農地付き空き家

農地付き空き家の魅力と隠れたデメリットをチェック!

近年、農地付き空き家は地方への移住やリモートワークの普及に伴い、「にわかに注目を集めています。夢のような田舎暮らしや自給自足の生活を想像する方もいらっしゃると思います。しかし、その魅力の裏には、知っておくべき「隠れた落とし穴」も潜んでいます。「憧れの田舎暮らしを手に入れたいけれど、農地付き空き家って本当に大丈夫なの?」「デメリットをしっかり理解して後悔したくない」と考えている方へ松山市で空き家を専門とする行政書士として、また空き家再生診断士の視点から、農地付き空き家のメリットとデメリット、そして失敗しないための具体的なポイントを解説します。


目次

農地付き空き家とは?基礎知識と近年の注目背景を解説

近年注目される理由!増加する農地付き物件と田舎移住の需要

都市部への人口集中と地方の過疎化が進む中で、全国的に空き家問題が深刻化しています。特に、農村部では、所有者が高齢化したり、後継者がいなかったりする理由から、住居だけでなく、耕作放棄された農地とセットになった空き家が増加しています。

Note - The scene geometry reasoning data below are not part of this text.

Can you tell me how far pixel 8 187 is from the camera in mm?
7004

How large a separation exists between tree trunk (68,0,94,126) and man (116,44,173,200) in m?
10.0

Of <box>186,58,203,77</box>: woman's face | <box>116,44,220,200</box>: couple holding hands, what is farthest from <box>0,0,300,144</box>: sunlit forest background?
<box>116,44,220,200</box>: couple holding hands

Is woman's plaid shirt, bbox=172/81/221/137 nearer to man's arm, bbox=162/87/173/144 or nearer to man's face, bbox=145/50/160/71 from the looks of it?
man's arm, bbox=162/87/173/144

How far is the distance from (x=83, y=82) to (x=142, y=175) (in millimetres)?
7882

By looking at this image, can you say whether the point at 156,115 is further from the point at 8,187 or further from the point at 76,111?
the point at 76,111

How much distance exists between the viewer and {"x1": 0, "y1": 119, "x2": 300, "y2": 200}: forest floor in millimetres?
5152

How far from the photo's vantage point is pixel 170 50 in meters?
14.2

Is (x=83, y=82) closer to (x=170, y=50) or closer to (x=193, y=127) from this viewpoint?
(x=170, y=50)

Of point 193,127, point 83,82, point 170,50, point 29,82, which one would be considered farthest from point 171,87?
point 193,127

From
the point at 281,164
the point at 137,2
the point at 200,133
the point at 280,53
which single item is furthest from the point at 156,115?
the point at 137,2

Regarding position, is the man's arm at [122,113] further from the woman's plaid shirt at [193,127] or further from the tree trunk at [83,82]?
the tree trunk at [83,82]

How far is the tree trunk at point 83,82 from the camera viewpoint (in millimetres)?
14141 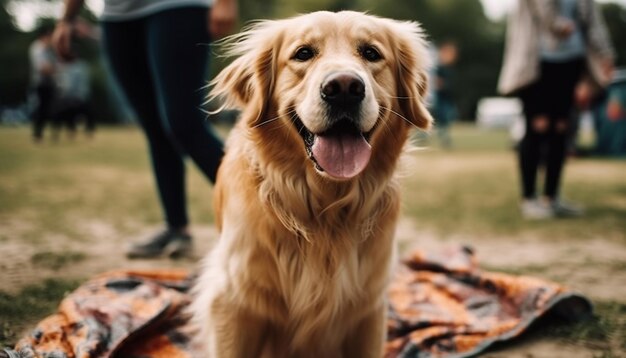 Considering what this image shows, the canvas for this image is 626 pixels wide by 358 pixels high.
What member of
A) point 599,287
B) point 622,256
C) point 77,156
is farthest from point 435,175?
point 77,156

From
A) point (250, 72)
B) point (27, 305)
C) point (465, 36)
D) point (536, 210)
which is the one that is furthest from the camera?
point (465, 36)

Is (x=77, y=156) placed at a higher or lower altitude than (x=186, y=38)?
lower

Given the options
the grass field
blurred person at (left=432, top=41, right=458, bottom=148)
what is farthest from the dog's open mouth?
blurred person at (left=432, top=41, right=458, bottom=148)

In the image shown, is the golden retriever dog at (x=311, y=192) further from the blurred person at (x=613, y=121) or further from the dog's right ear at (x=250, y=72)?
the blurred person at (x=613, y=121)

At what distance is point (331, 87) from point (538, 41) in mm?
3489

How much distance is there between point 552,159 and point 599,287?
80.1 inches

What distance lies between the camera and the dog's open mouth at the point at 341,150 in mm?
1767

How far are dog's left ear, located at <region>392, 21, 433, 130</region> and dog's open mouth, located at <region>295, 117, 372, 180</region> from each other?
1.25 feet

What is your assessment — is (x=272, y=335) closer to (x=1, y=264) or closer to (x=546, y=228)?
(x=1, y=264)

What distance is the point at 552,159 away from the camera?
465 centimetres

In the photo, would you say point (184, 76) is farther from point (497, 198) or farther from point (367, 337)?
point (497, 198)

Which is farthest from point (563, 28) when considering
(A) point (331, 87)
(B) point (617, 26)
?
(B) point (617, 26)

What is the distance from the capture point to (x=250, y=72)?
2125 millimetres

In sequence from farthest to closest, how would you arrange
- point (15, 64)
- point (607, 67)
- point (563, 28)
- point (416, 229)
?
point (15, 64)
point (607, 67)
point (416, 229)
point (563, 28) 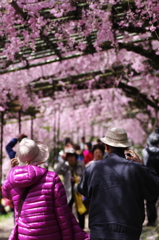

一方で、新型コロナウイルス感染症の影響でリモートワークが普及し、地方移住への関心が高まりました。また、食の安全への意識向上や、趣味としての農業ブームも相まって、「広い庭で家庭菜園をしたい」「将来的には自給自足の生活を送りたい」と考える層にとって、農地付き空き家は新たな選択肢として大きな注目を集めています。

※ 都市部の住民(東京都特別区及び政令市に居住する20歳~64歳の在住者3,116人)を対象とした、農山漁村への移住意
向等に関しての意識調査(ネットリサーチ会社のモニターを対象としたインターネットによるアンケート調査。
「『田園回帰』に関する調査研究中間報告書(概要版)」(平成29年3月、総務省地域力創造グループ過疎対策室)より国土交通省作成。文末に参考文献を掲載しておきます。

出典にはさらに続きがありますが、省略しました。